No início deste ano, Sven Callebaut regressou a Samoa para observar a evolução da implementação das recomendações da avaliação do comércio eletrónico. Muita coisa mudou desde que a avaliação foi feita: um cabo submarino foi instalado e em breve proporcionará aos samoanos acesso a Internet barata e rápida.

Apercebeu-se de que algumas pessoas foram surpreendidas pelas conclusões do relatório.

“Conforme foi destacado, muitas coisas estão a acontecer no comércio eletrónico nos PMA que muito poucas pessoas parecem conhecer, mesmo no país”, refere Sven Callebaut.

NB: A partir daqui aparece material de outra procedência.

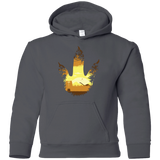 Sweatshirts Charcoal / YS Future Footprints Youth Hoodie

Conforme recomendado na sua avaliação, Samoa também levou a cabo uma análise jurídica e uma avaliação de lacunas.

“Com base nestas avaliações, abordou alguns doadores no sentido de ajudarem o país a elaborar regulamentações para o comércio eletrónico”.

Graças ao apoio institucional do QIR, o governo do Nepal já contabilizou os custos de desenvolvimento de uma estratégia de comércio eletrónico.

“Esperamos que este esforço venha a fomentar o investimento na infraestrutura de comércio eletrónico e ajudar as pequenas e médias empresas a beneficiarem deste novo modelo de negócio”, afirma Hang Tran, coordenador da carteira de PMA asiáticos do QIR.

Na Libéria ainda é cedo para tirar conclusões, já que a avaliação foi lançada somente em abril de 2018.

Sven Callebaut está atualmente a preparar um modelo para ajudar os países a gerar interesse e financiamento para implementar algumas das ações.

“Espero ver a implementação incluída como um passo final nas avaliações futuras”, afirma.